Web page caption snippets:
- - -

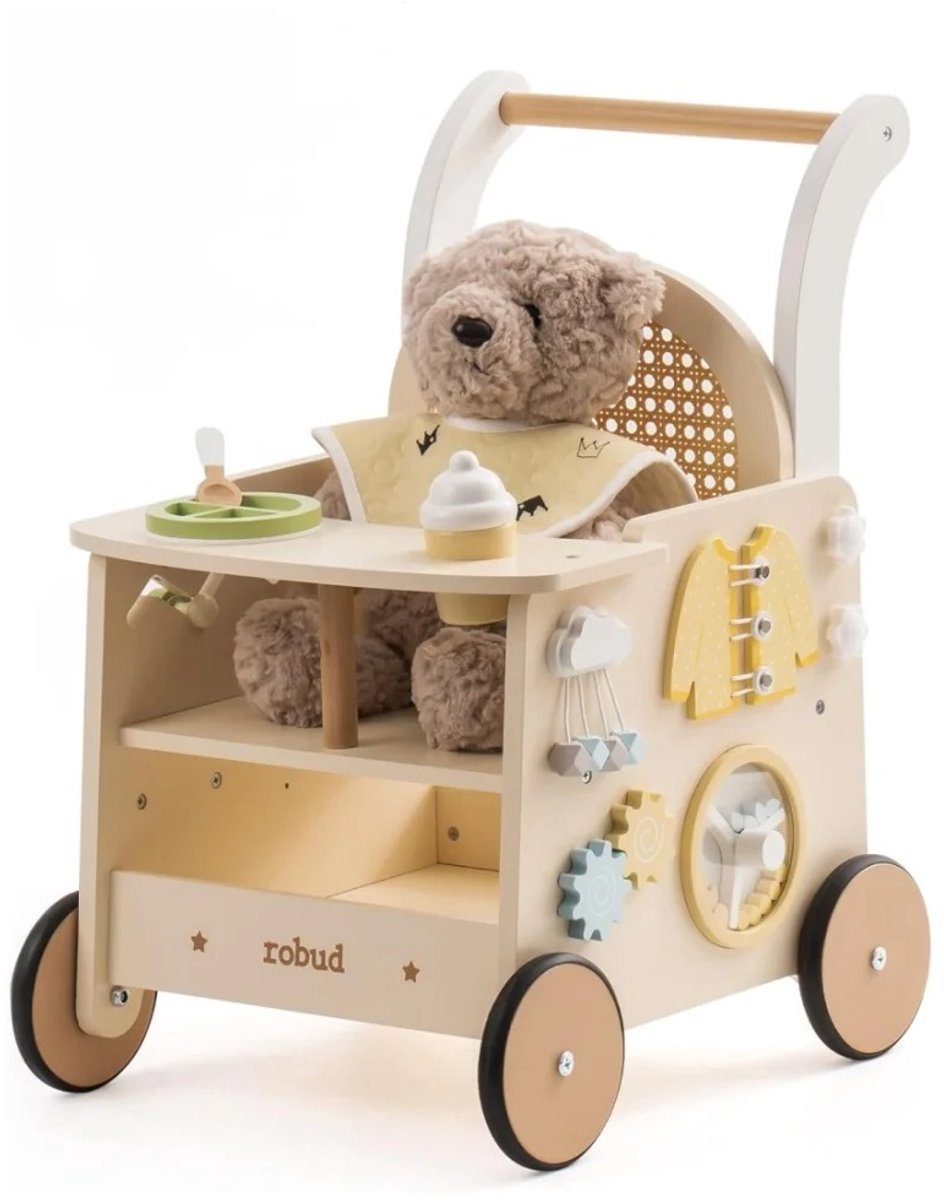 Sensova Houten Speelgoed 37 x 50 x 31.5 - Multifunctionele Babyloophulp - Loopactiviteitencentrum - Duwspeelgoed met Veiligheidsrem - 10 maanden - 1-2 jaar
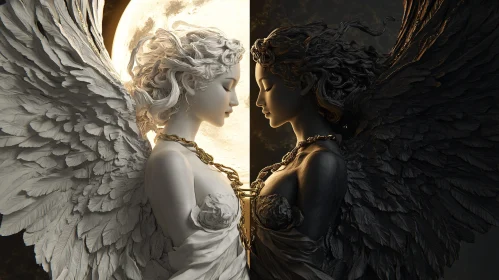 Monochrome Angel Figures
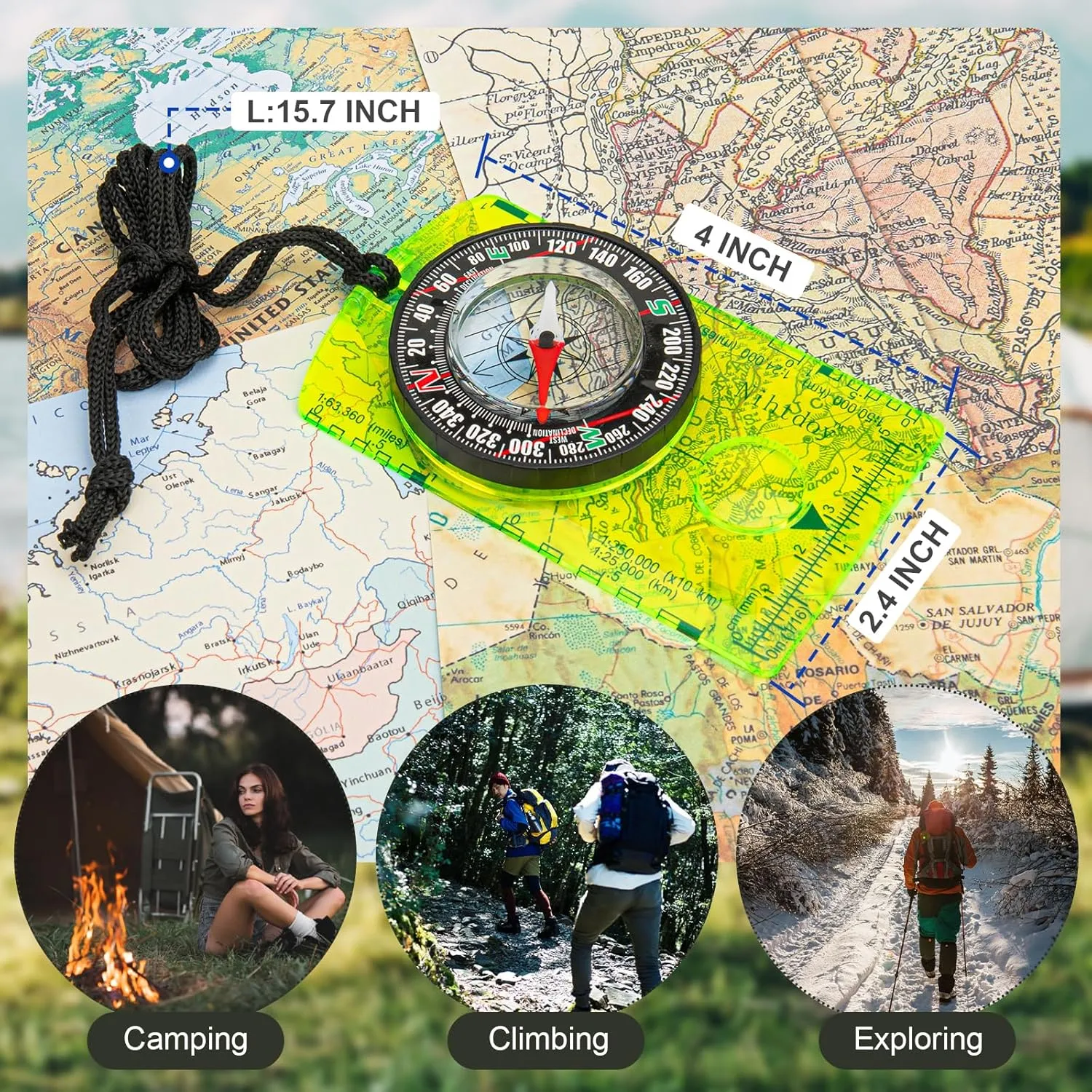 Multipurpose Outdoor Compass for Hiking, Scouting, Camping, and Navigation - Liquid-Filled, Transparent Base with Measuring Scales, Durable and Compact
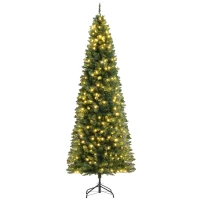 HOMCOM 7.5ft Tall Pre-Lit Slim Douglas Fir Artificial Christmas Tree with Realistic Branches, 350 Warm White LED Lights and 1075 Tips(m-9)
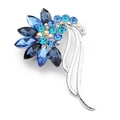 Elegant flower-shaped silver brooch with blue crystal petals and iridescent stones - Blue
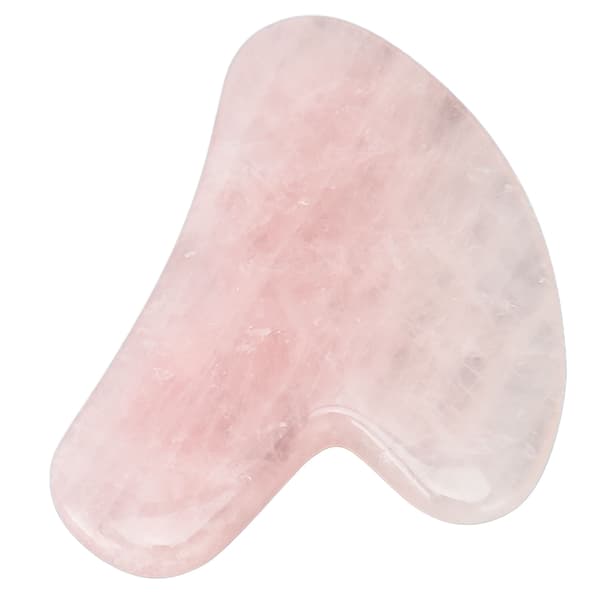 Pinkt hjerteformet krystal Gua Sha-plade til ansigt, hals og blodcirkulation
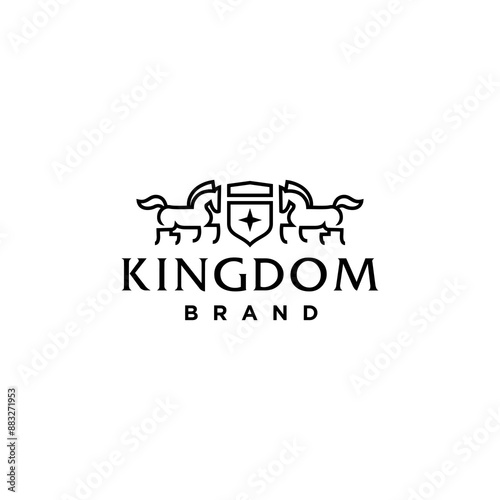 heraldic kingdom stallion standing horse crest shield line art outline logo 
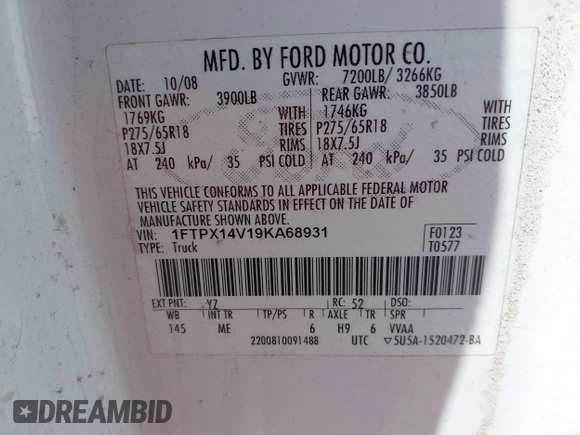 2009 Ford F-150 XL with VIN 1FTPX14V19KA68931, listed as a IAAI auction lot 42099582 with Not Provided miles. Bid and sale history available at carsss.com. Image 9.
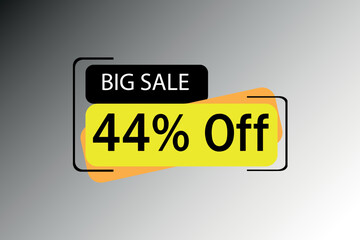 Big Sale 44% Off for Retail Clearance. Black and yellow squares with big letters for advertisement. Vector art.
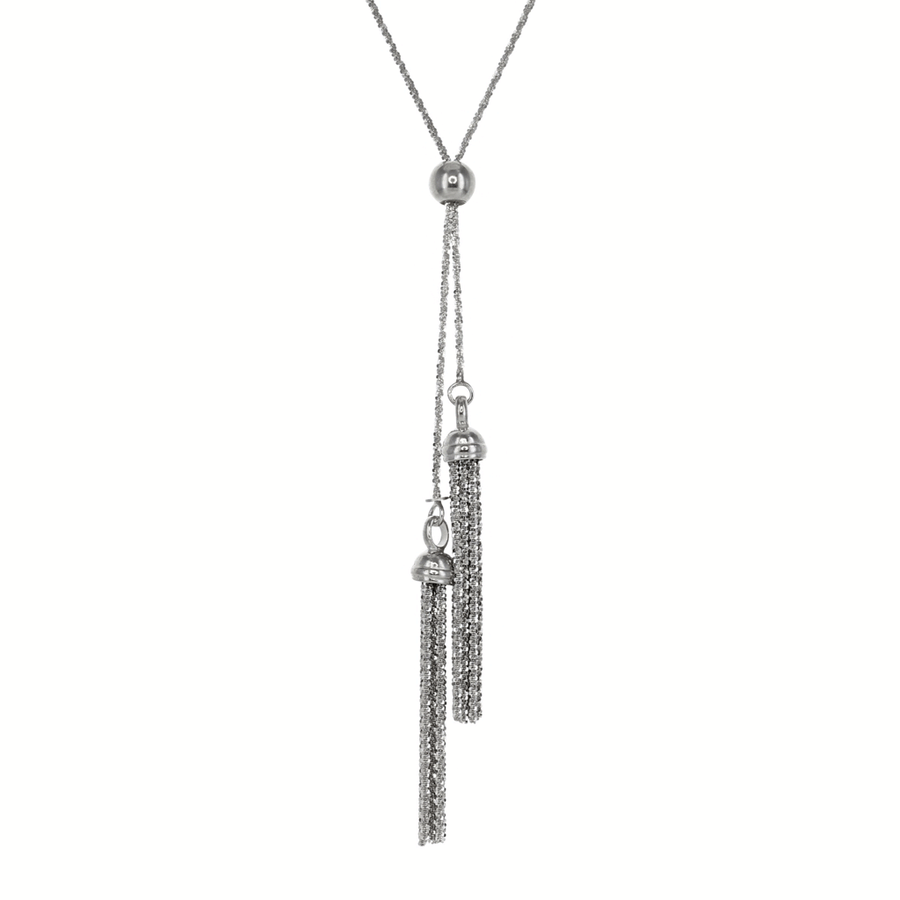 Roma Private Collection Necklaces Default Title / Silver Adjustable Private Collection Two Tassel Necklace in Rhodium Overlay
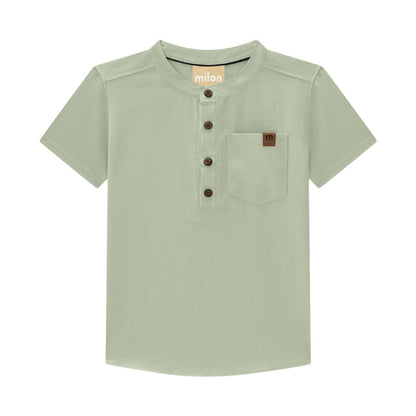 Soft Sage Henley Tee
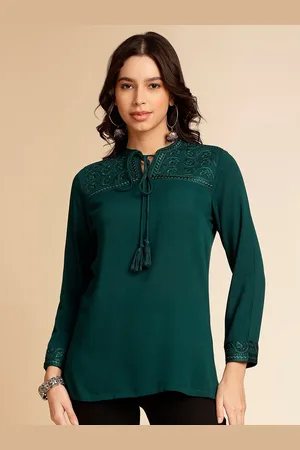 Anouk Tie-Up Neck Thread Work Kurti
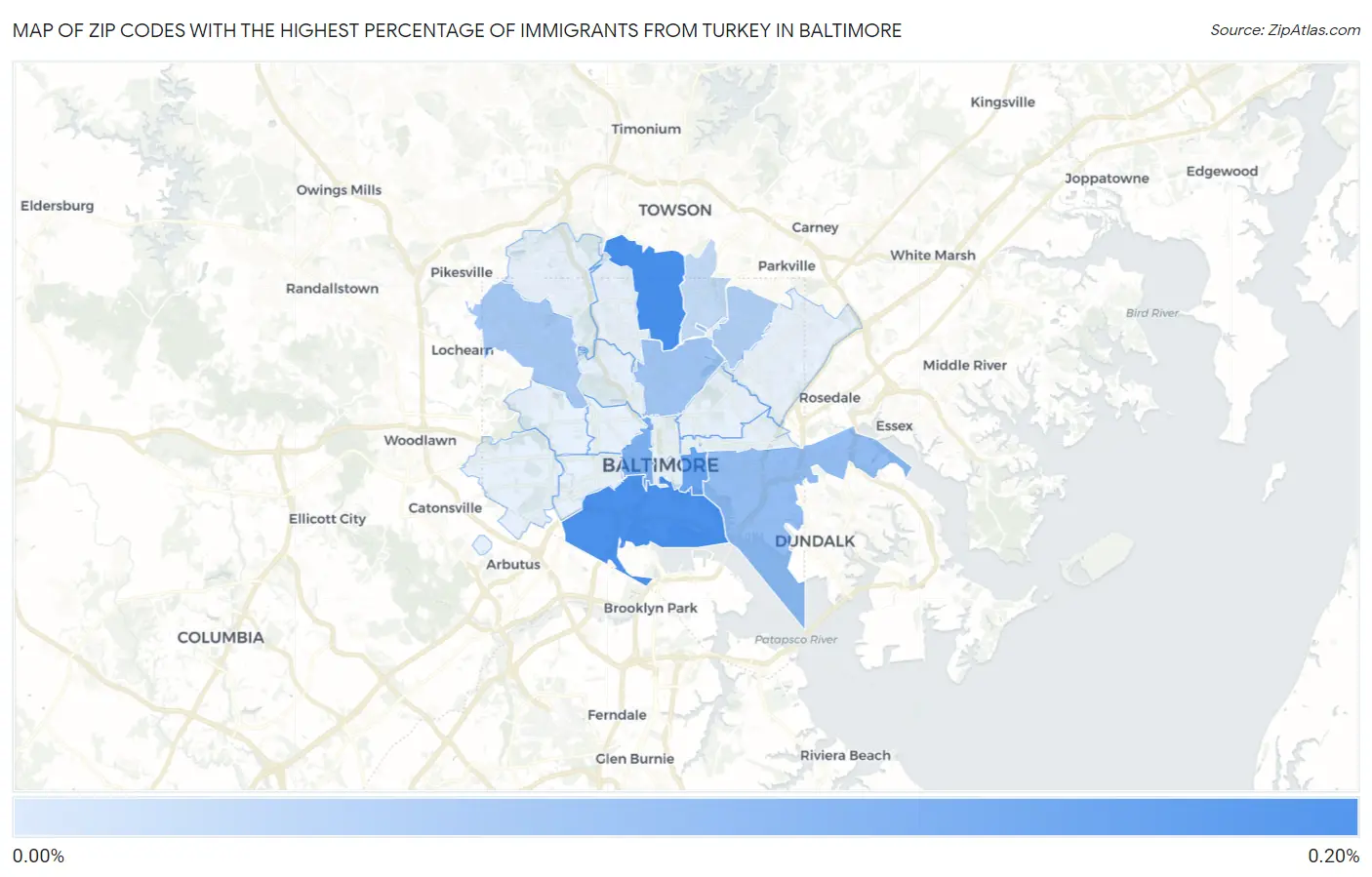 Zip Codes with the Highest Percentage of Immigrants from Turkey in Baltimore Map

- - -

§ **TASK BRIEF**: The response must match the data line for line, from its first line through the line with "heraldic kingdom stallion", inclusive, and must leave out the pictures.

§ **PROBLEM SOLUTION**:
 Sensova Houten Speelgoed 37 x 50 x 31.5 - Multifunctionele Babyloophulp - Loopactiviteitencentrum - Duwspeelgoed met Veiligheidsrem - 10 maanden - 1-2 jaar
 Monochrome Angel Figures
 Multipurpose Outdoor Compass for Hiking, Scouting, Camping, and Navigation - Liquid-Filled, Transparent Base with Measuring Scales, Durable and Compact
 HOMCOM 7.5ft Tall Pre-Lit Slim Douglas Fir Artificial Christmas Tree with Realistic Branches, 350 Warm White LED Lights and 1075 Tips(m-9)
 Elegant flower-shaped silver brooch with blue crystal petals and iridescent stones - Blue
 Pinkt hjerteformet krystal Gua Sha-plade til ansigt, hals og blodcirkulation
 heraldic kingdom stallion standing horse crest shield line art outline logo 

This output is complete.